→ EXERCISE DETAILS:
All that should be output is the block of lines below from the line with "Bookshelf with baskets from Papa &amp; 'Nise" to the line with "Colete Protetor Corporal", both included, exactly as written.

Records drawn from a dataset
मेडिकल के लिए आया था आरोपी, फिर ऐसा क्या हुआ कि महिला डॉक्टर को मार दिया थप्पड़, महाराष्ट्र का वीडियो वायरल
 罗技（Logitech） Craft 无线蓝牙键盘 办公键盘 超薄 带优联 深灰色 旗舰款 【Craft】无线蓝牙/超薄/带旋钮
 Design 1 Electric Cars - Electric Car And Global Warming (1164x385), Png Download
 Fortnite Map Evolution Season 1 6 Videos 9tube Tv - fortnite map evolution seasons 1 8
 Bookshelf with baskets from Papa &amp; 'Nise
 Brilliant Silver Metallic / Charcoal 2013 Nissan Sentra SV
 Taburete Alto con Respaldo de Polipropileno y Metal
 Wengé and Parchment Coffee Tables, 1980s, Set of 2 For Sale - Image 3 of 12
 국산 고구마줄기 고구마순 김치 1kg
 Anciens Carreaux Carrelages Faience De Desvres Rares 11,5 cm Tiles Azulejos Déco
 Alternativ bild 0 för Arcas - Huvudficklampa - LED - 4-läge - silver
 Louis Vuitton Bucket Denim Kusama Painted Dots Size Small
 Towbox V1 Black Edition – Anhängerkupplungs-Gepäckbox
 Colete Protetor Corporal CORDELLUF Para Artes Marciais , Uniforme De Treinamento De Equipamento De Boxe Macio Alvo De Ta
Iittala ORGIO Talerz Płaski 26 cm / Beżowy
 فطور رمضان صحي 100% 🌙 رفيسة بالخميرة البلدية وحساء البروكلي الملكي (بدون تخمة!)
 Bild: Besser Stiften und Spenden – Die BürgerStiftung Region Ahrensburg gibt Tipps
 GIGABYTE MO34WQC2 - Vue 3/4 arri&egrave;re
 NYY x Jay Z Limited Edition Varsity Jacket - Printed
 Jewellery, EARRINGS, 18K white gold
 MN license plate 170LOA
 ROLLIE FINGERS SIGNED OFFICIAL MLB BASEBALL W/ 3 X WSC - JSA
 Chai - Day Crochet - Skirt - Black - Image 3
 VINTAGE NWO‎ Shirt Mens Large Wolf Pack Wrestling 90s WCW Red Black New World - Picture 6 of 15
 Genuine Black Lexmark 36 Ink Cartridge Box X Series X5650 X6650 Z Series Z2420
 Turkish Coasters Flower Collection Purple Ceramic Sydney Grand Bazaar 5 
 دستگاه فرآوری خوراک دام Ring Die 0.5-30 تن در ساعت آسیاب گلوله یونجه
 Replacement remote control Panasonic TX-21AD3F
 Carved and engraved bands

→ WRITTEN RESPONSE:
 Bookshelf with baskets from Papa &amp; 'Nise
 Brilliant Silver Metallic / Charcoal 2013 Nissan Sentra SV
 Taburete Alto con Respaldo de Polipropileno y Metal
 Wengé and Parchment Coffee Tables, 1980s, Set of 2 For Sale - Image 3 of 12
 국산 고구마줄기 고구마순 김치 1kg
 Anciens Carreaux Carrelages Faience De Desvres Rares 11,5 cm Tiles Azulejos Déco
 Alternativ bild 0 för Arcas - Huvudficklampa - LED - 4-läge - silver
 Louis Vuitton Bucket Denim Kusama Painted Dots Size Small
 Towbox V1 Black Edition – Anhängerkupplungs-Gepäckbox
 Colete Protetor Corporal CORDELLUF Para Artes Marciais , Uniforme De Treinamento De Equipamento De Boxe Macio Alvo De Ta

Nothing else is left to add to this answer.